Pvt Robert G Carter

23 January 2019

A 16 year old farm boy, Robert Goldthwaite Carter gave his age as 18 when he enlisted as Private, Company H, 22nd Massachusetts Infantry on 5 August 1862. In September he was Antietam. Afterward, on the battlefield, he observed

The enemy had now, it was soon discovered, left our front … Upon visiting Sherrick’s house this morning, we found it quite a sumptuous affair. It had been hastily evacuated, as it was between the lines. The foragers ahead of us had pulled out what edibles it contained, and among them a splendid assortment of jellies, preserves, etc., the pride of every Maryland woman’s heart, but now scattered all about. The orchard was filled with the choicest fruit. What a feast! Our stomachs just beginning to become accustomed to “salt horse” and “hard tack,” earnestly opened and yearned for this line of good things.

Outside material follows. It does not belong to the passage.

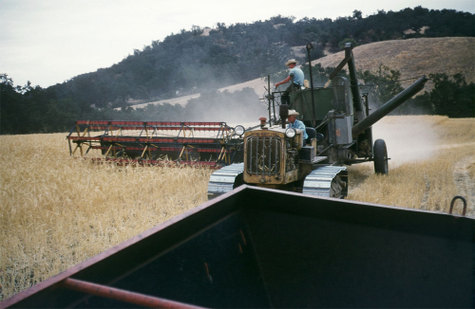 Barleyharvestlate50sa Barleyharvestlate50sa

No crowd of schoolboys, Let loose from the confinement of a recitation room, ever acted so absurdly, as did these rough, bronzed soldiers and recruit allies, on that death-strewn ground about Sherrick’s yard and orchard …

After the war he was admitted to the US Military Academy at West Point and he graduated 38th in the Class of 1870. He was awarded the Medal of Honor (in 1900) for action against Commanches on 10 October 1871 on the Brazos River, TX and retired for disability in 1876. He was promoted to Captain on the retired list in 1904.

This photograph of him was taken on Broadway in New York City on 16 August 1862, and is from his book Four Brothers in Blue, or Sunshine and Shadows of the War of the Rebellion: A Story of the Great Civil War From Bull Run to Appomattox (1913).